Our goal in repairing and restoring vintage cane rods is to perform the work to return the rod as close to as original as possible. These days, with the prices of all cane rods continuing to appreciate rapidly it simply doesn't make sense to have the work done in a haphazard manner. A properly performed restoration, when necessary, will increase the value of a vintage rod. An improperly performed restoration will at best detract from the rod's value, if not destroy its collectible value altogether.

The first step in deciding whether to restore a rod is an honest evaluation of the rods condition, its value and utility in both unrestored and restored conditions. We have no desire to see a customer invest a substantial sum of money in a restoration project for a low grade production rod, the cost of which might never be recouped. Nor do we subscribe to heroic and costly 'rescue efforts' in an attempt to bring a low- grade rod back to fishable condition. Oftentimes, a customer may only wish to preserve a rod due to its sentimental value(with no desire to actually fish it) and we endeavor to perform this work at a reasonable cost. We simply will not do work on a rod that will detract from its value as a collectible.
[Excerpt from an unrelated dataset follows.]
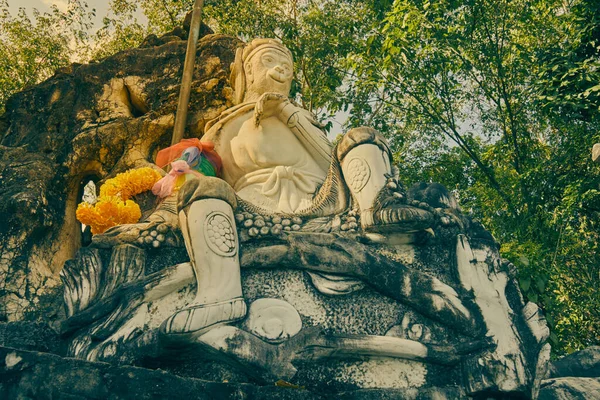 Phayao Tailândia Novembro 2020 Estátua Mármore Baixo Ângulo Sun Wukong — Fotografia de Stock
Each rod submitted to us is quoted a reasonable rate for the work desired. Most often this includes: an inspection and evaluation of the rods condition; stripping of the old varnish while leaving the original writing intact; revarnishing; rewrapping, color preserving and sealing the guide wraps using appropriate silk thread; replacing the guides when necessary; cleaning the grip; and polishing the ferrules and reel seat. Generally, the cost for the above service runs about $275. Any additional work such replacing intermediate wraps or resetting or replacing ferrules will also be quoted a reasonable fee.

We are always happy to evaluate a rod for you, but we can not give you an estimate without actually viewing the rod and issuing you a quote. If you decide not to have us perform the work, all we ask is that you pay for return shipping.

Please contact us first before sending a rod and do not ship a rod with its original aluminum or fiberboard tube serving as a shipping container!

Please phone us at 440-845-4415 or  email for more information.

We will no longer provide repair services on any living rodbuilder's work(besides our own, of course.) The reason for this is, if you buy a rod from another maker and you have a problem, contact them! If they've suddenly become unavailable because you have a problem, please don't make it my problem. Sorry.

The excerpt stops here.